オフィス環境で、許されるものは、「1視覚」と「5触覚」です。
書類を見たり、写真を見たり、サンプルの手触りを確かめたり。
「2聴覚」と「3嗅覚」は、意図しない空間的な拡散性があります。
他のワーカーに対する配慮から、難しいようです。
「4味覚」は業種により事情が大きく違います。
※ SOHOや個室のあるオフィスではこの限りではありませんが。
そうして、現代の知的生産のやりとりにおいてメインとなるのは、
2つの環境で絞りこまれて、「1視覚」になるようです。
この「視覚」情報について、もうすこし考えてみます。
情報検索性から言うと、テキストが圧倒的にすぐれているため、
労働時間当たりの情報量の多い現代では、テキストベースがいまだに主流です。
(ただし、視覚的に受け取れる情報量の多さからいうと、テキストよりも、絵やグラフの方が多いわけでもありますが)
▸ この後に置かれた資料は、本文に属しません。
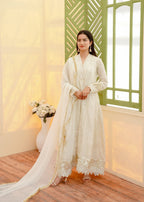 Mona Embroidery Ethereal Lace OffWhite Women 3pcs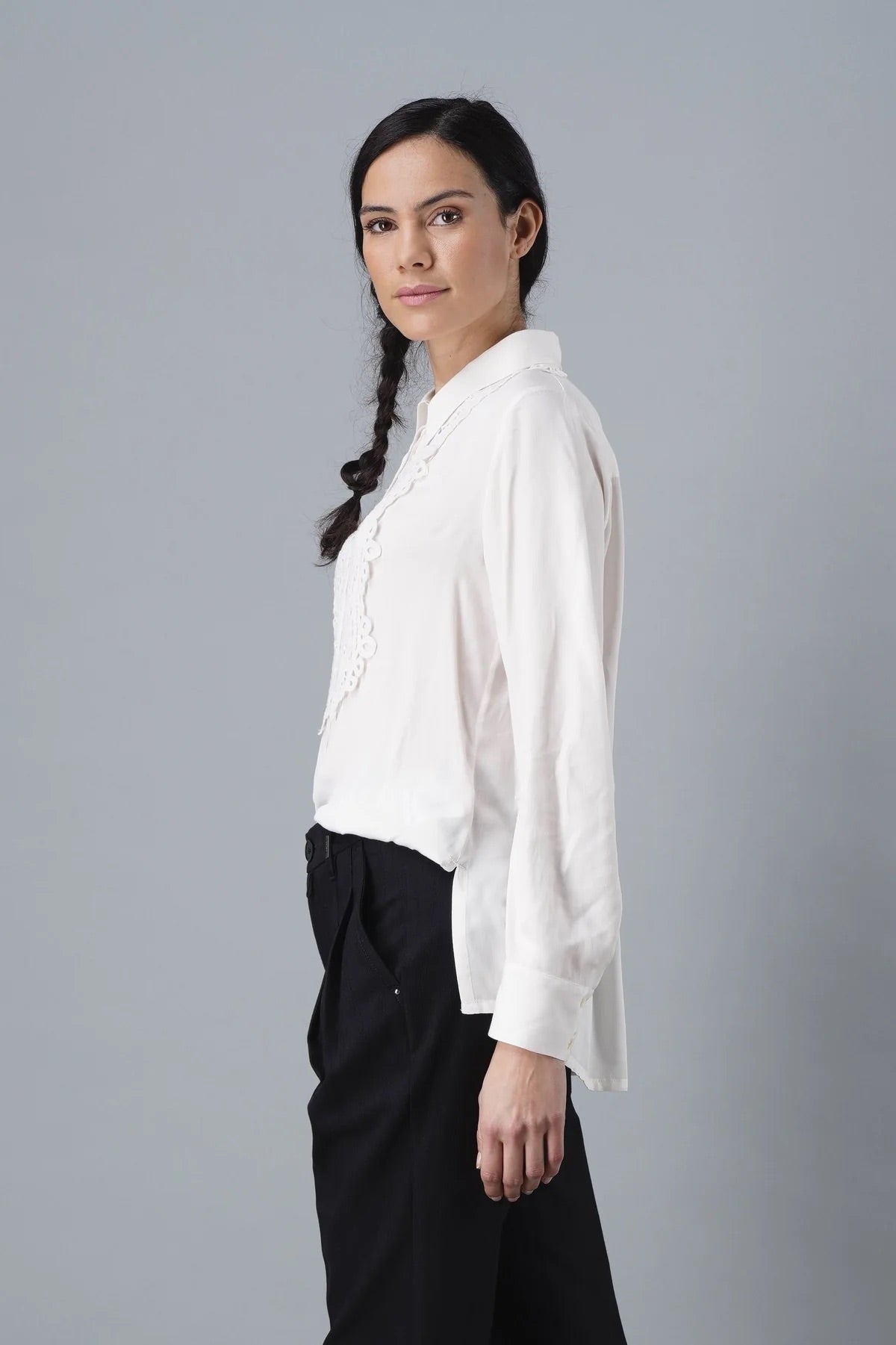 Interim White Shirt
ナレッジワーカーであれば、テキスト入力で仕事をする、という作業が(すくなくとも当面は)主流であり続けるでしょう。
ネット環境とオフィス環境がゆっくりと変わっていけば、もっともっとグラフィカルな入力や動画や音声(あるいは、もしかしたら、触感や味やにおい)の入力が主流になる時代が来るかもしれません。その時にはもっと社会は、心豊かな気がしますが。
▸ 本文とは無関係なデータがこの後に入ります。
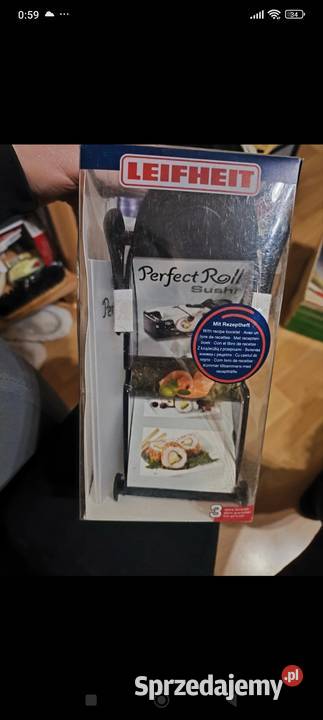 Urządzenie do zawijania sushi łódzkie Łódź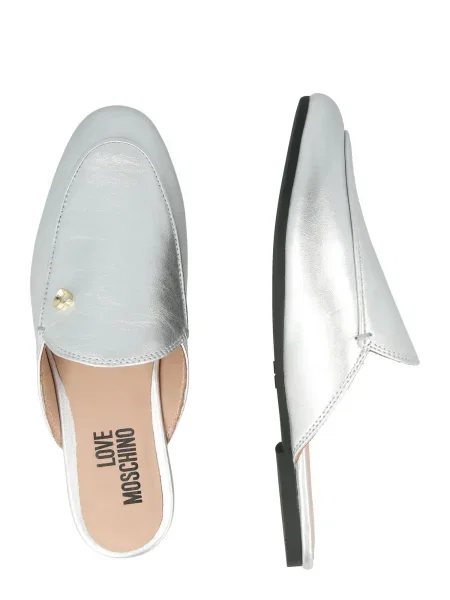 Love Moschino Šlepetės sidabrinė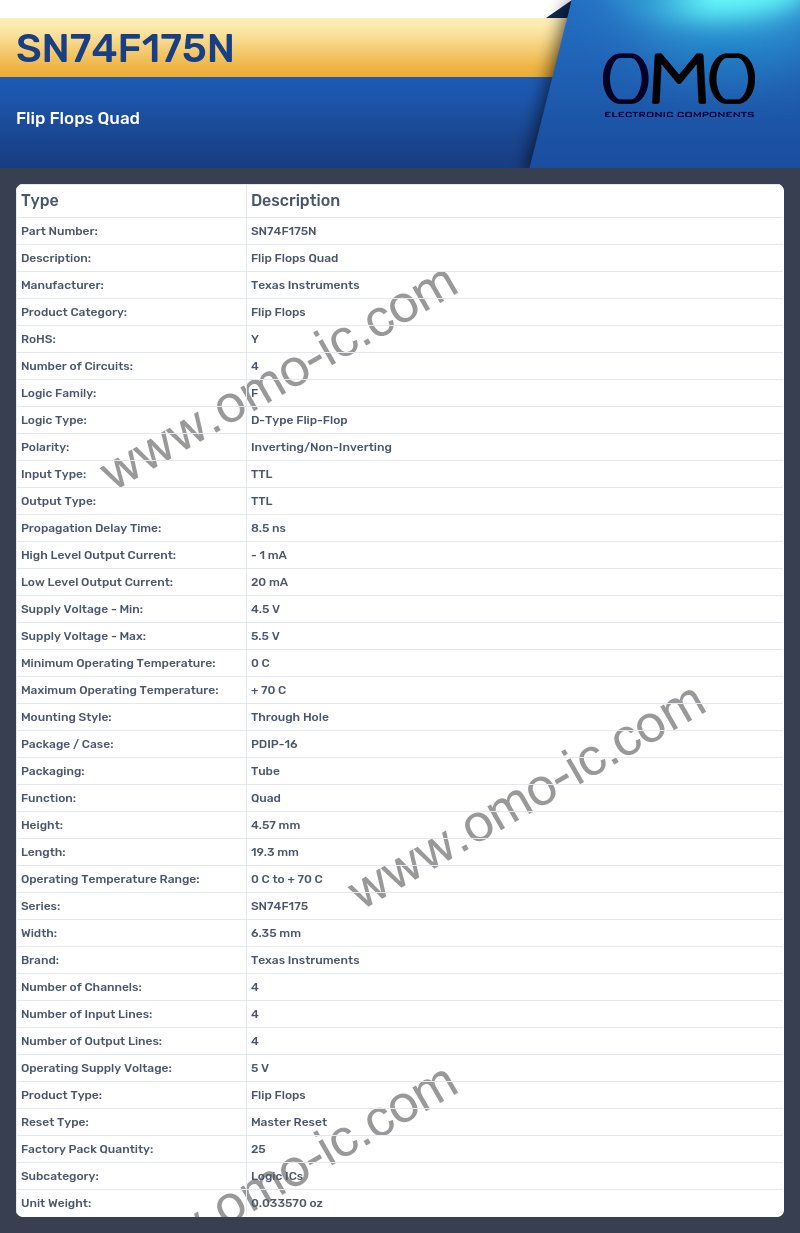 SN74F175N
さて、長く回り道をしましたが、たどりつきたい議論のスタート点として、「現代の環境においては、テキスト入力が主流」である、という点を一応仮に正しい、とかんがえると、何がポメラという道具コンセプトのよいところか、推察できそうです。
ナレッジワーカーが、テキスト入力をしていると多くの障害や誘惑があります。デジタル機器の進化で、昔に比べて障害や誘惑は、人間の脳にとって増えています。
・メールがやってくる。
・スカイプがにゅっと立ち上がってくる。
・意味を調べるためにネット辞書を立ち上げて、意図しない刺激ある情報に誘引されてしまう。
・参照したいファイルを探しているうちに、やりのこした仕事ファイルが目に入って、気になり始める。
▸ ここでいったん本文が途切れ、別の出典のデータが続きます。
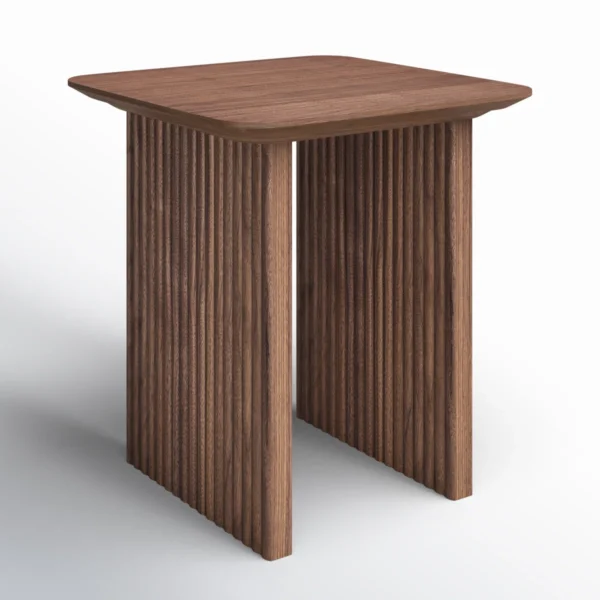Benson Side Table in Walnut Finish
・電話や声をかけられるのを避けたい「創りだす作業」をしたいときにも、PCの重さ、バッテリーの持ちが、仕事できる場所を制限する。
・打ち合わせの際に、PCの起動がおそくて、まごつく(非生産的な心理状態を増やす)
・さて、かこう、とおもってから、書き出すまでに、「何度か、フォルダーやプログラムの起動メニューを選んでいく」という作業が余計な思考力をつかわせて、えーとなんだっけ、という状態を時折起こす。
PCの総合的な環境は「創る作業」においては、障害や誘惑になりますが、「情報を受け取る」「深く理解する」という作業においては、非常にいい道具です。
創る時だけ、しかも、その主流であるテキストを作る時だけ、を目的にしたシンプルな道具があってもいいと思います。それは従来はノートとペンでした。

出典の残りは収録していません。